End of 2022, as the project reached some sort of stability on many sides and we were just tweaking things here and there and doing customer support and field engineering, I decided to end things there. I got 3 raises at CMR and support from everyone, I bawled my eyes out at some very motivating/encouraging/sweet words from the CEO (did I mention I really love her?) as I signed the offer letter to continue my journey at @tiiuae.
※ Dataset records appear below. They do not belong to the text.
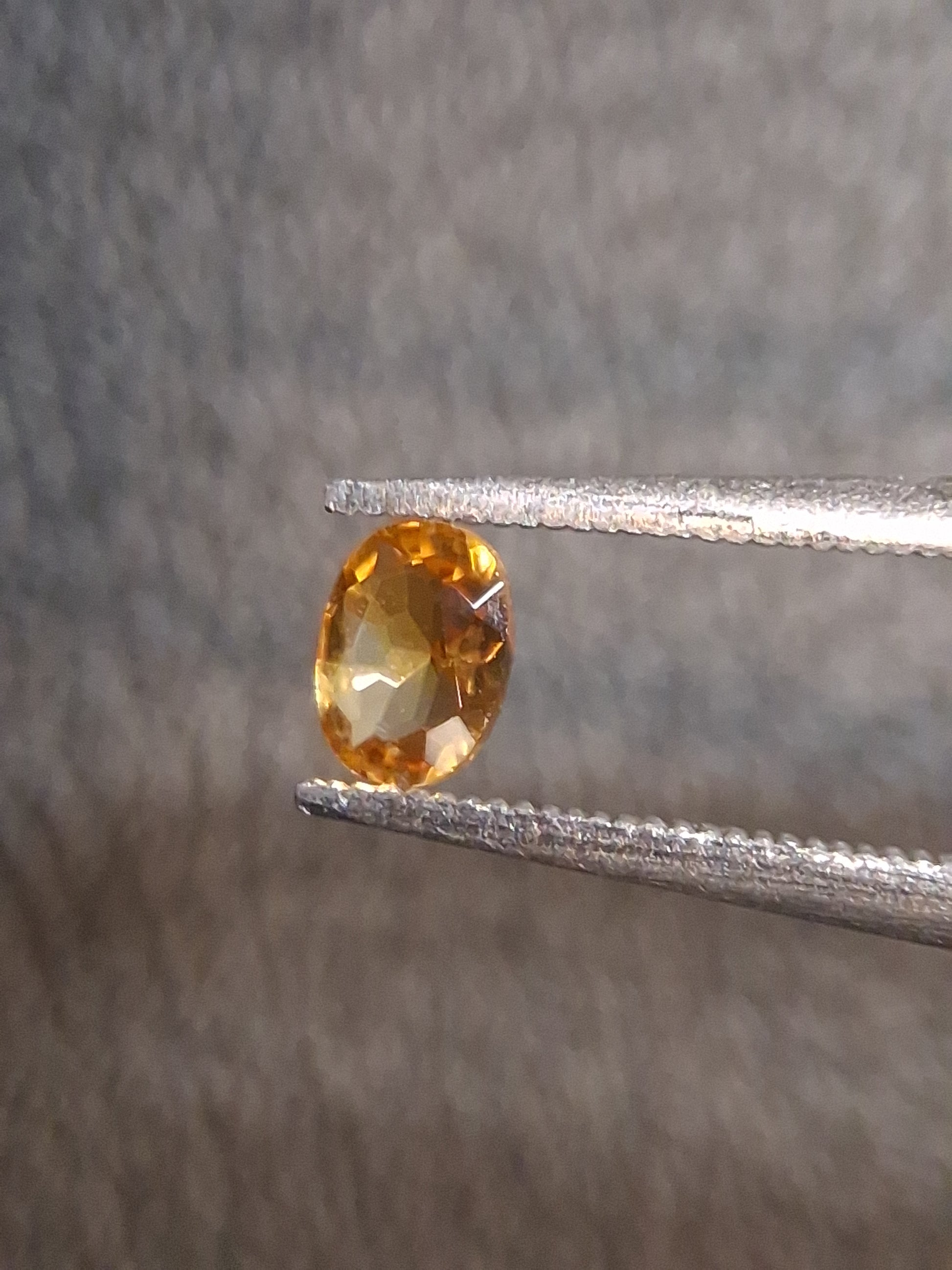 Natural Citrine – Faceted Oval Cut 3x4 mm 0.147 ct Golden Yellow | Loose Gemstone - Natural Gems Belgium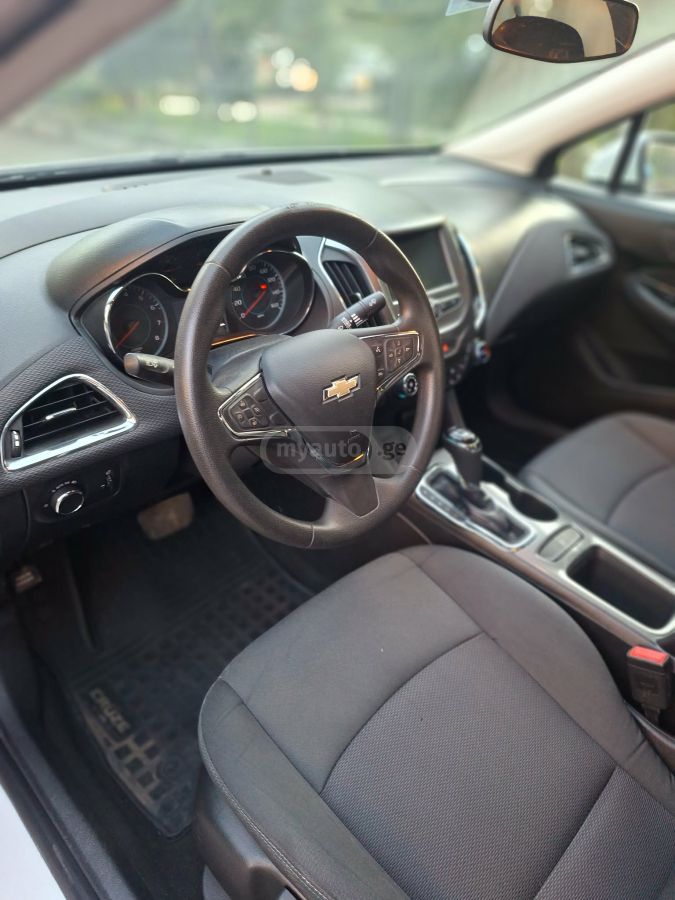 Chevrolet Cruze - фото 11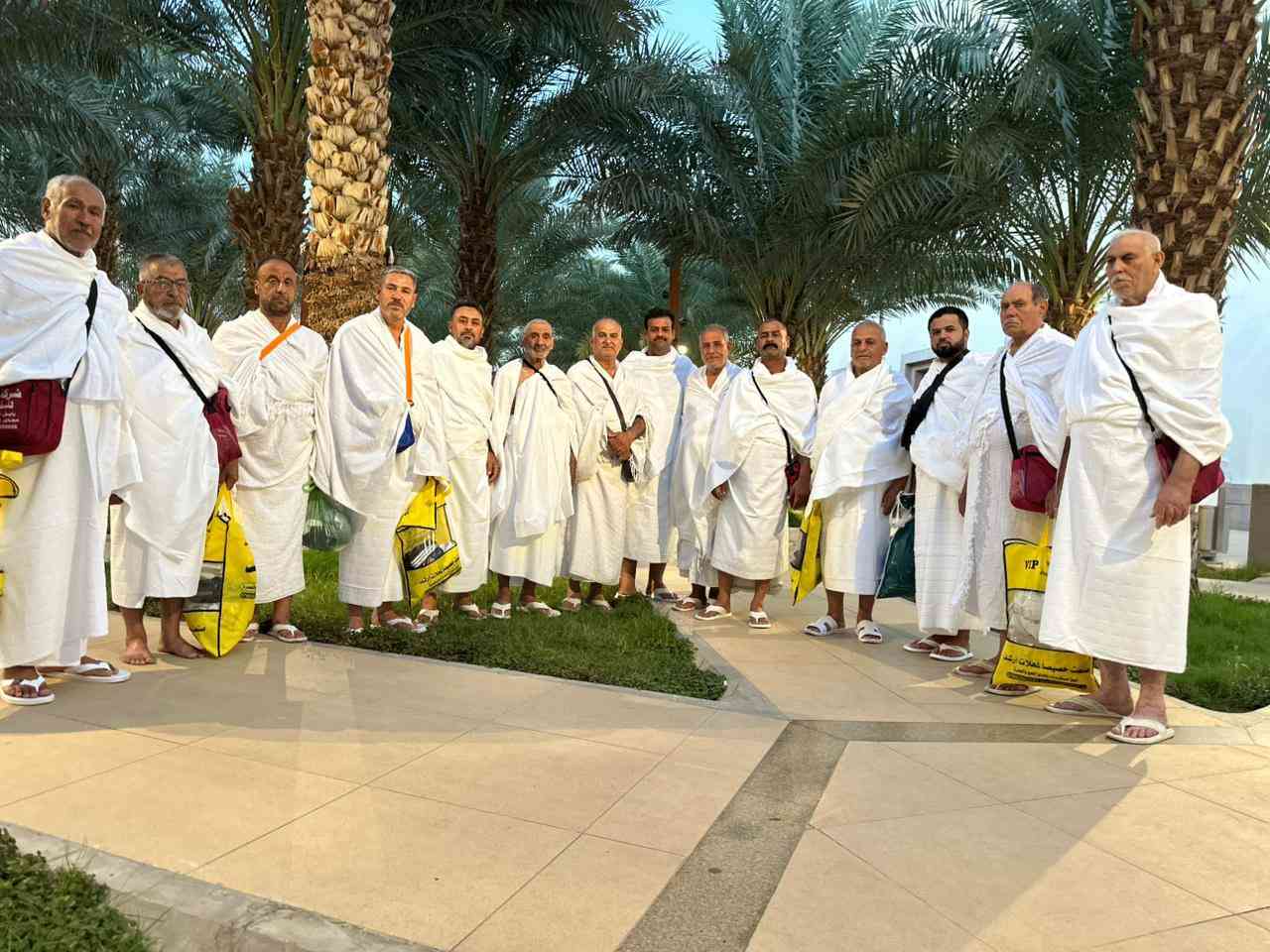 عطله نصف السنه العمره الشعبانيه السعر  800 الف شامل الفيزه والظريبه والفندق والمزرات والطعام والنقل المرشد الديني كادر اداري مع خدمات الطريق وجبه الفطور في طريق في ذهاب والعوده مع كادر اداري ممتاز للحجز
  حجي حسين متولي وتسب ***********
 حيدر متولي0784 965 2001‬
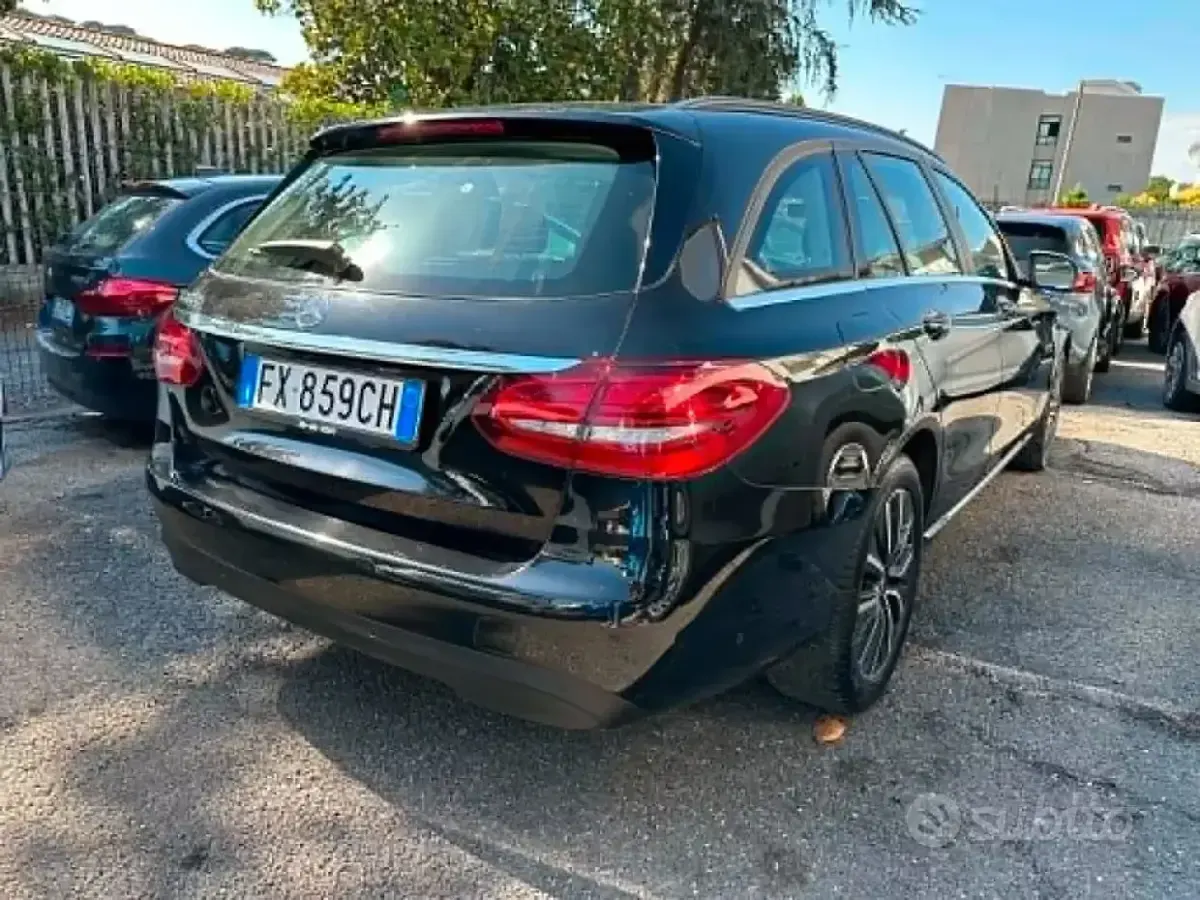 Usata Mercedes C220 Premium 160 CV (117 kW) 2019 Nero Station wagon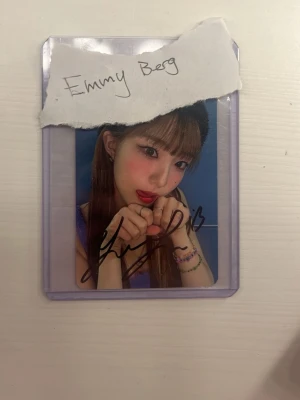 Signerad Yeojin Loona Photocard - Säljer mitt signerade photocard av yeojin i loona! Köpt från Korea för ca 2 år sedan för ungefär 700kr,,  den är i perfekt skick och har inga skavanker. Ifall du är intresserad så kan jag skicka video av signaturen!💘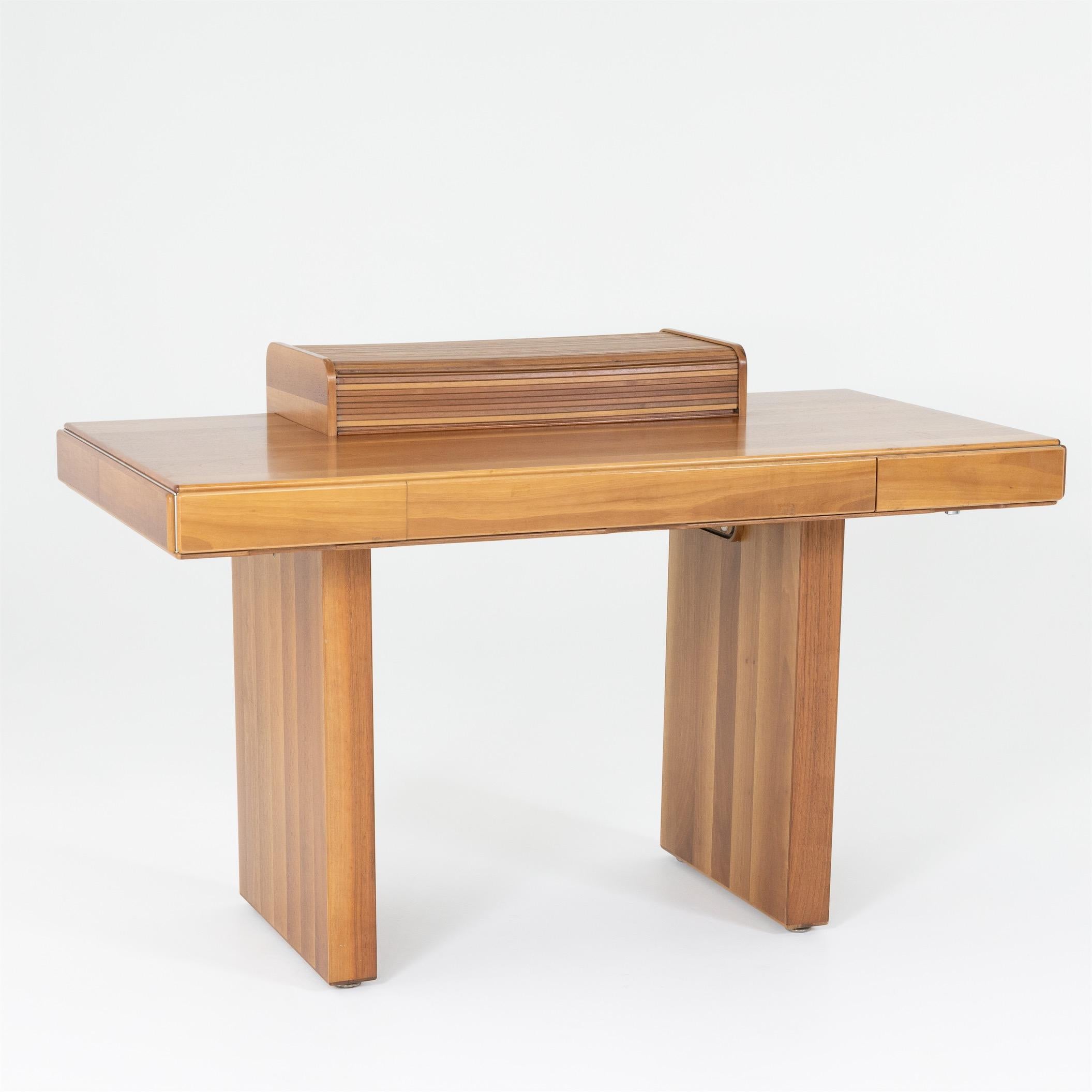Torcello Desk by Afra & Tobia Scarpa for Stildomus, Italy, 1970s In Good Condition In Greding, DE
Denmark was already paying me an unholy amount of money compared to what I could ever expect from France, but holy shit was I not ready for Abu Dhabi lmao (spoiler: it’s still not better than USA dev money). Sacrificed and left behind a lot, yes the job is not as easy as “sit down and code”, but I’ve so far gotten a lot back from it. Travelled to Tokyo, regular visits at @caltech, no capital gain/income taxes… It’s now the end of 2024, and for the last two years I’ve clicked like a maniac on my ledger to farm airdrops as a 5-11 job, and didn’t do much coding on the side. I did receive mid 6 figures of airdrops in the meantime though. I did build trackdrop.xyz and etherspawn.xyz, I am building @drpxbt. But it’s not enough. It’s time to start being an Indie Dev and deploy things that are useful and make money. It’s time to read The Indie Maker Blueprint, it’s time to start the @udacity blockchain dev course, and it’s time to ship products. — FYI I don’t care if you think this is cheesy I enjoyed writing it lol.